Bisher gab es aber zwei Faktoren, die all diese Gegensätze irgendwie entkrampft haben. Der erste war die schiere Grösse des Landes: In den USA ist der nächste Nachbar häufig weit entfernt, jeder kann sein Ding machen. Oder man zieht in den nächsten Bundesstaat.

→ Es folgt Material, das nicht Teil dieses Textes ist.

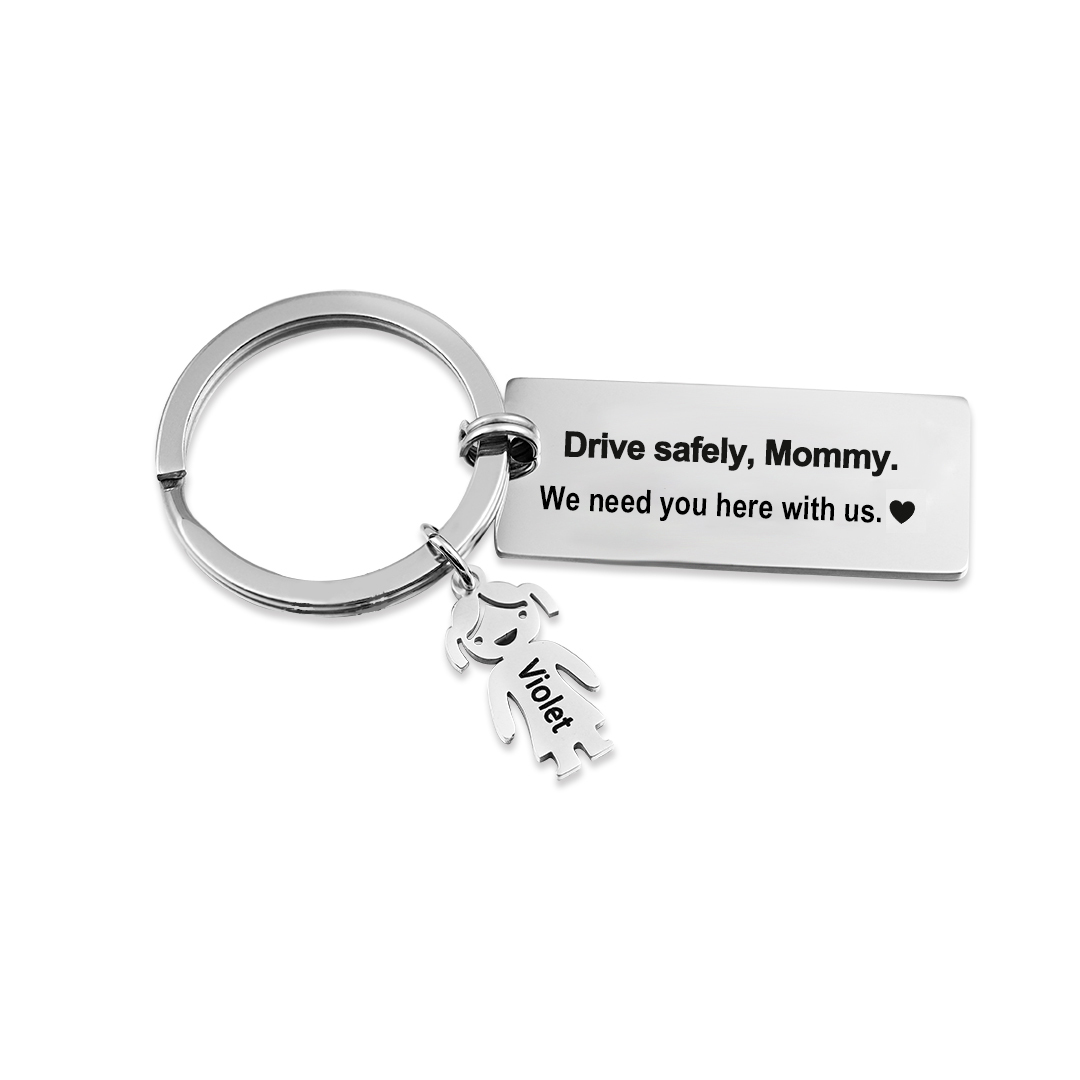 To My Dad Grandpa 1 Kid Charm Keychain "Drive Safely, Daddy"-Jessemade AU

Mit den sozialen Medien ist man sich mittlerweile oft näher, als einem lieb ist. Man kann Trump nicht mehr entkommen, er heizt die Diskussion ungemein auf.
Und der zweite Faktor?
Früher gab es die Idee, dass die USA ein Modell für die Welt sind, ein leuchtendes Beispiel nach Aussen, das im Inneren zusammenhält, die Stadt auf dem Hügel. Ich habe das Gefühl, dass auch das weggefallen ist. Das Land schaut nur noch nach innen, konzentriert sich auf sich selbst und kocht langsam über.
Gleichzeitig hat Trump den Anspruch, dass die USA sich global für Demokratie einsetzen, komplett aufgegeben. Das ist auf Dauer nicht unbedingt eine gute Nachricht, denn andere wie China und Russland werden die Lücke zu nutzen wissen.